On some level, the films of Apichatpong Weerasethakul have all been concerned with the inherent tension between subjects defined in opposition to each other. This tension is evident between the spiritual and corporeal in Uncle Boonmee Who Can Recall His Past Lives (2010), the sublime and the everyday in Blissfully Yours (2002), or the rural and urban in Syndromes and a Century (2006). From its title alone, Cemetery of Splendour, Weerasethakul’s latest film, fully embodies this tension.
Set in Weerasethakul’s home town of Khon Kaen, the film follows Jenjira (Jenjira Pongpas) as she volunteers at a school-turned-temporary-clinic for soldiers suffering from a strange form of sleeping sickness. There, she befriends a patient named Itt (Banlop Lomnoi) as well as Keng (Jarinpattra Rueangram), a psychic who helps visitors communicate with the comatose men. In line with Weerasethakul’s unique brand of magical realism, the film is filled with dreams, visits from spirits and magical digressions all connected somehow to the ancient site beneath the former school.
If Cemetery of Splendor finds Weerasethakul in a familiar mode, it’s because the film is knowingly self-reflexive and deliberately includes various callbacks to previous works. A shot of Itt on the hospital bed and visit from two spirits recalls Uncle Boonmee. Furthermore, the lotion in Blissfully Yours makes an appearance as does the tender fist-licking in Tropical Malady (2004).
But Weerasethakul isn't being self-indulgent. Rather, he uses these elements to cannily explore the essence of memory and the myriad ways in which the past informs the present and vice versa. He explores not just how the images and scenes relate to each other, but also how our own history factors in which lets the film resonate far beyond any given moment. The film becomes a palimpsest of image and sound that’s practically suspended in time.

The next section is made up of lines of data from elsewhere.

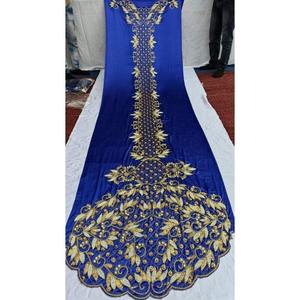 Exportateur indien de tissus de mariage somaliens pour filles, avec travail de perles, pour vêtements de mariage, vente en gros. - Product Image 1
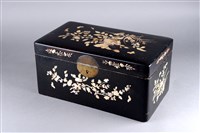 藏品(黑漆螺鈿文房盒)的圖片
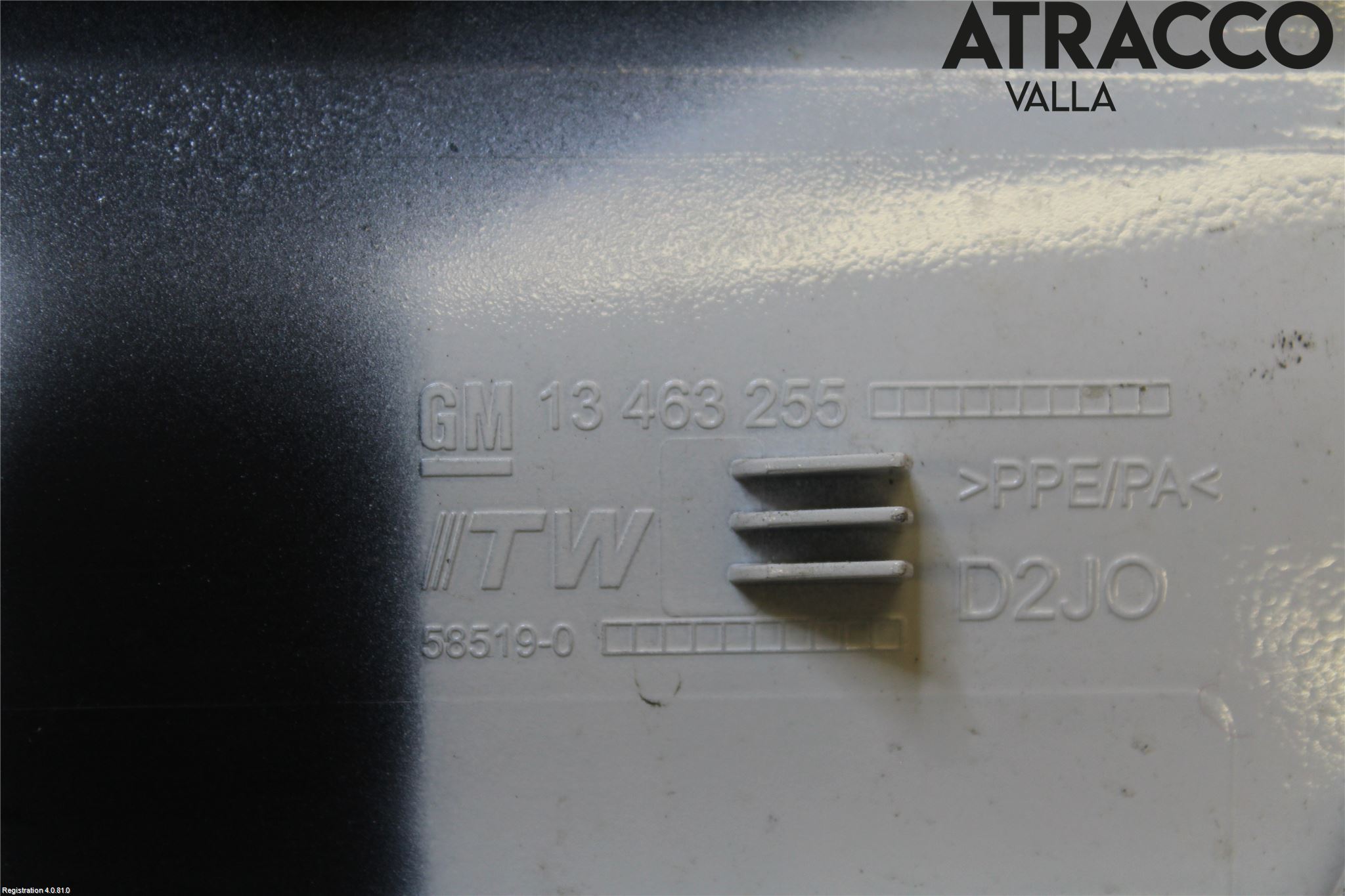 Opel ASTRA K 16-22 Drivstoff Tankluke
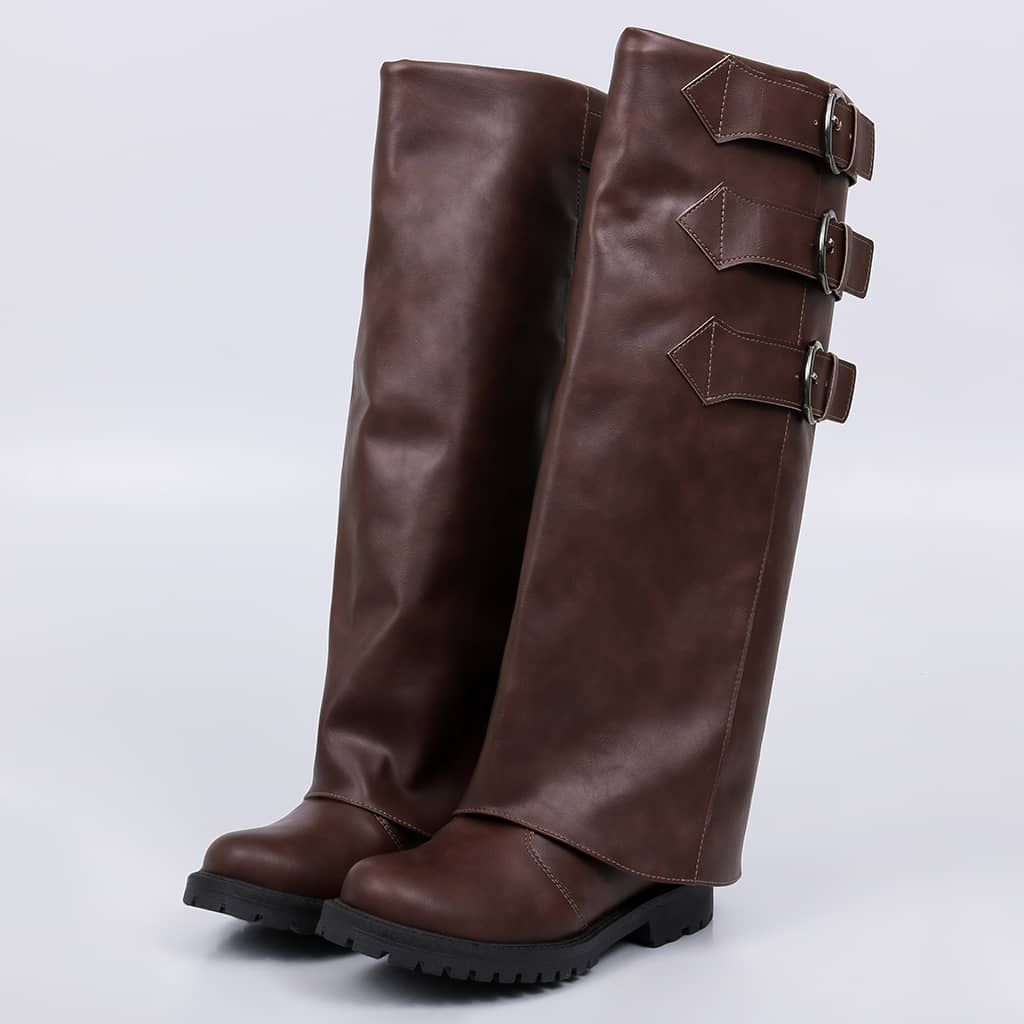 Oslo - Buckle Folded Boot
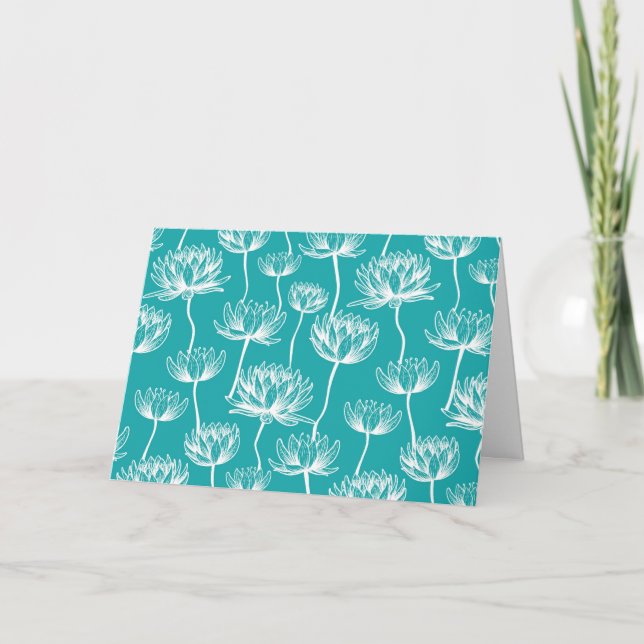 Lotus Flower pattern Card (Front)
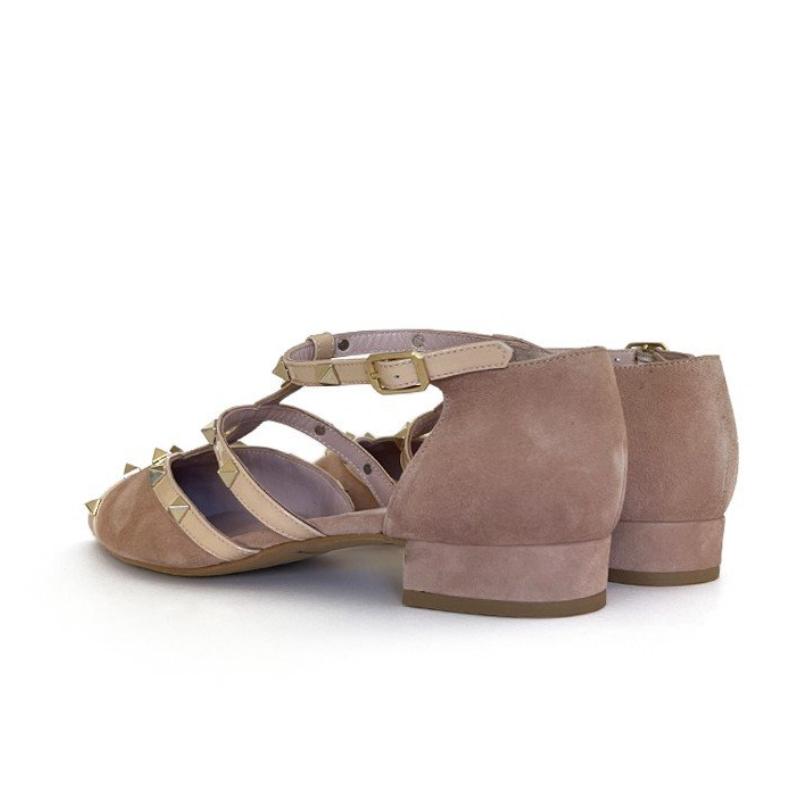 Chic Studded Flat Sandal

One of the film's most stunning moment is a double-exposure shot that layers an overhead view of a series of escalators with a shot of the room of comatose soldiers bathed in coloured light. It’s fitting that it literally superimposes modern reality and shifting dreams. Another such moment gives the audience a simple shot of the sky. Just when the stillness of the moment holds us rapt, what looks to be a giant amoeba floats across the frame. It’s an enchanting scene in a film that brims with wonder.
If Cemetery of Splendour has a flaw, it's that it doesn't chart new territory for Weerasethakul. Needless to say, it remains a uniquely beguiling experience particularly for those already familiar with his films. Given its scope and reflective concerns, Cemetery of Splendour feels like a natural endpoint of a certain phase in Weerasethakul's career. It’s an ideal culmination of a truly singular body of work which only makes wondering about what Weerasethakul will do next that much more exciting.